Data to examine:

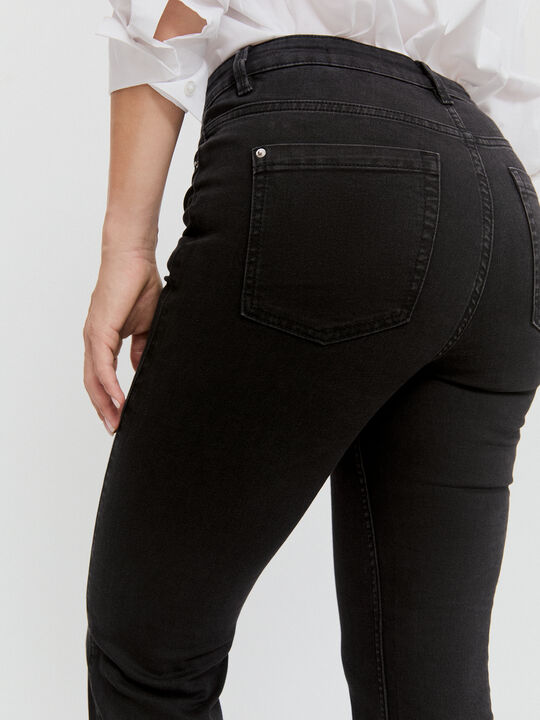 ACAMPANADO VAQUERO LARGO Negro image number null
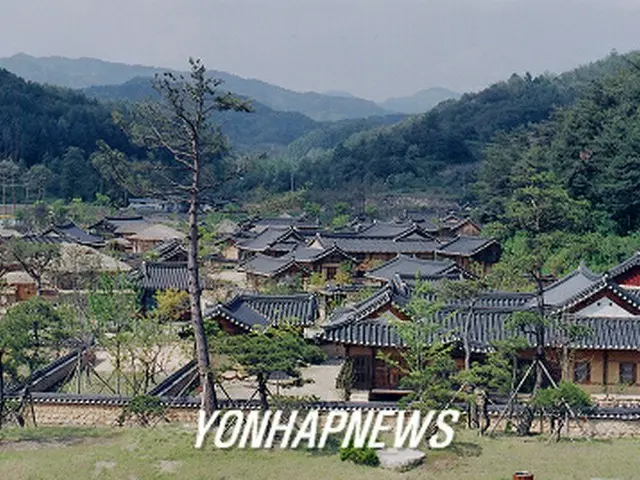 栄州ソンビ村の全景＝2004（聯合）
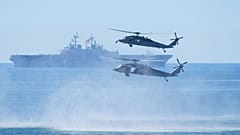 US-Marines üben mit amphibischem Angriffsschiff und Hubschraubern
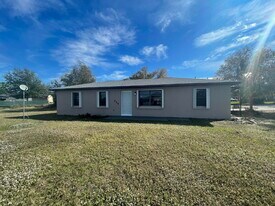 955 Lake Dr E in Lake Placid, FL - Building Photo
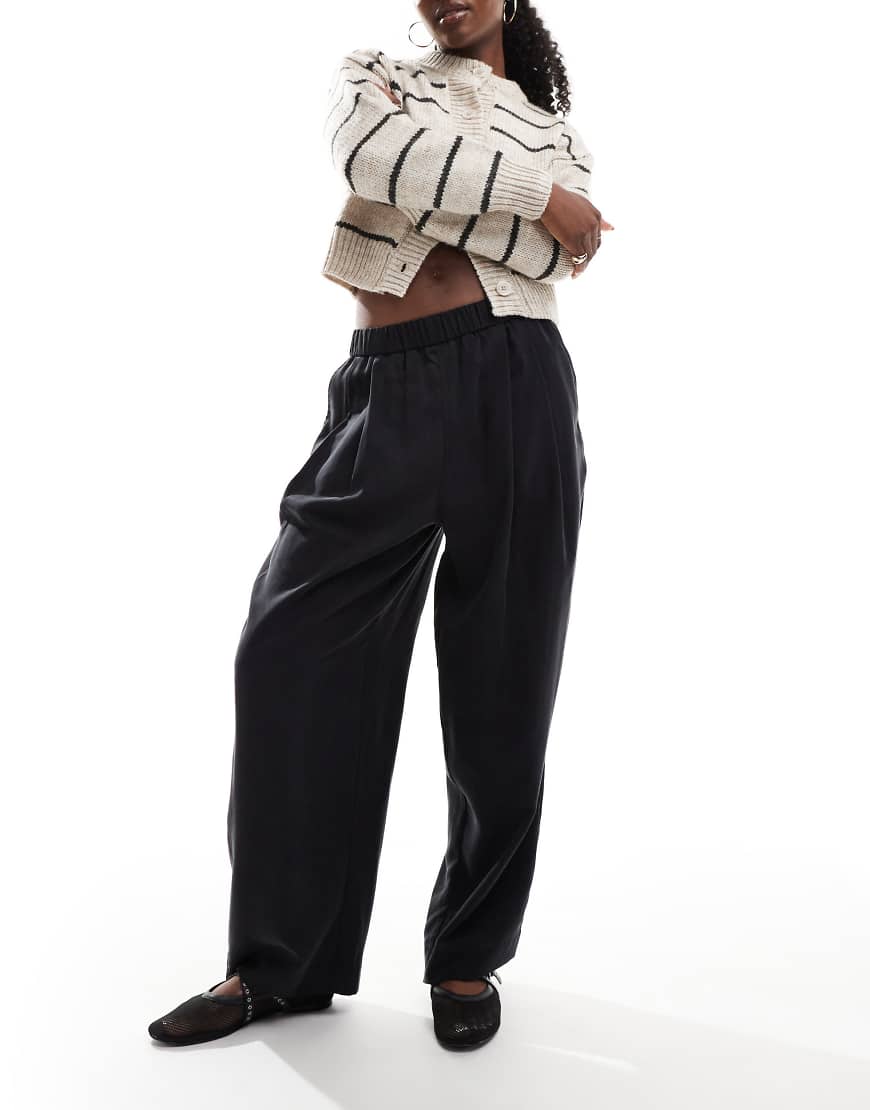 ASOS DESIGN - Hochwertige, lässige Schlupfhose in verwaschenem Schwarz mit Bundfalten von ASOS DESIGN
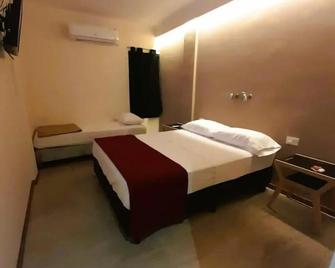 Hotel Vanderloo - Posadas - Schlafzimmer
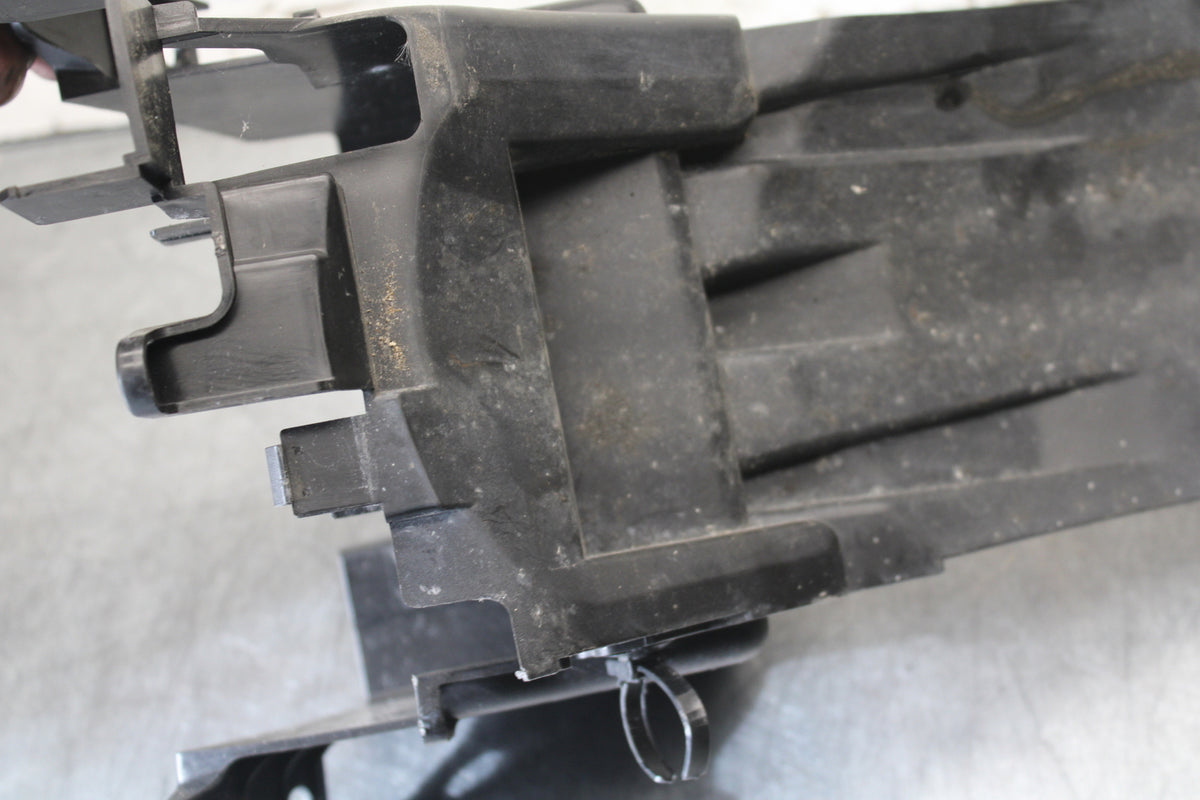 17-24 SUZUKI SV650 REAR BACK TAIL UNDERTAIL BATTERY TRAY PLASTIC BB706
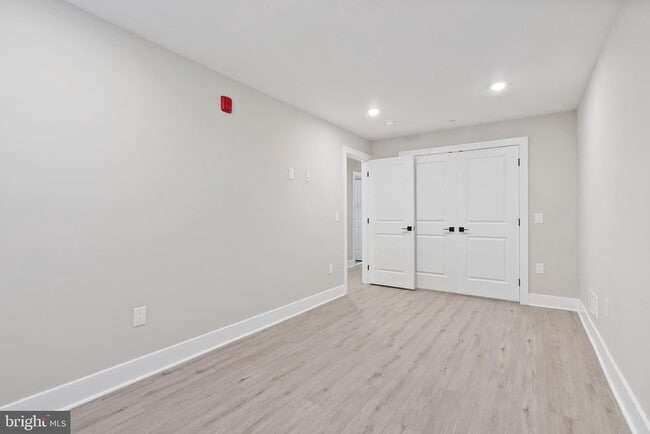 Building Photo - 408 N Front St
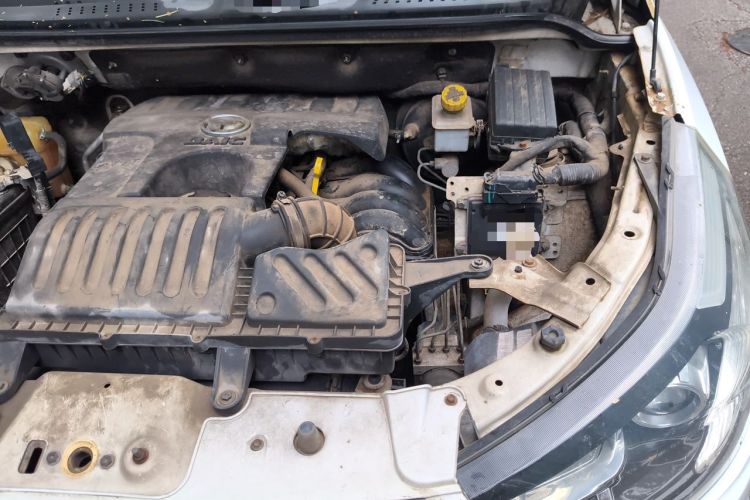 Used HYOSOW S3 2015 1.8L Prestige Version China V Emission Standard Engine Bay Left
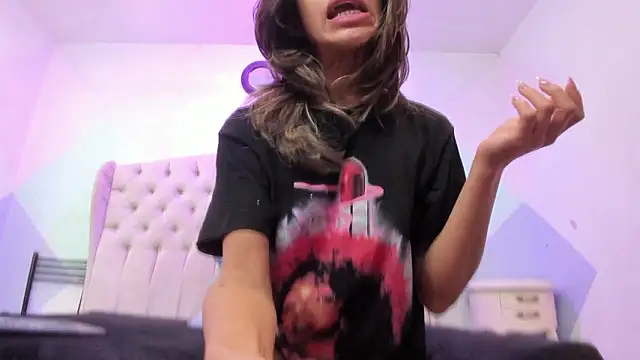 Snapshot of BritneyCollins chatting on 02-25-26, 12:49 BritneyCollins online show from 02-25-26, 12:49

Task details: Return the data above in its exact wording, with none of the pictures.

Output for this task:
 ACAMPANADO VAQUERO LARGO Negro image number null
 栄州ソンビ村の全景＝2004（聯合）
 US-Marines üben mit amphibischem Angriffsschiff und Hubschraubern
 955 Lake Dr E in Lake Placid, FL - Building Photo
 ASOS DESIGN - Hochwertige, lässige Schlupfhose in verwaschenem Schwarz mit Bundfalten von ASOS DESIGN
 Hotel Vanderloo - Posadas - Schlafzimmer
 17-24 SUZUKI SV650 REAR BACK TAIL UNDERTAIL BATTERY TRAY PLASTIC BB706
 Building Photo - 408 N Front St
 Used HYOSOW S3 2015 1.8L Prestige Version China V Emission Standard Engine Bay Left
 Snapshot of BritneyCollins chatting on 02-25-26, 12:49 BritneyCollins online show from 02-25-26, 12:49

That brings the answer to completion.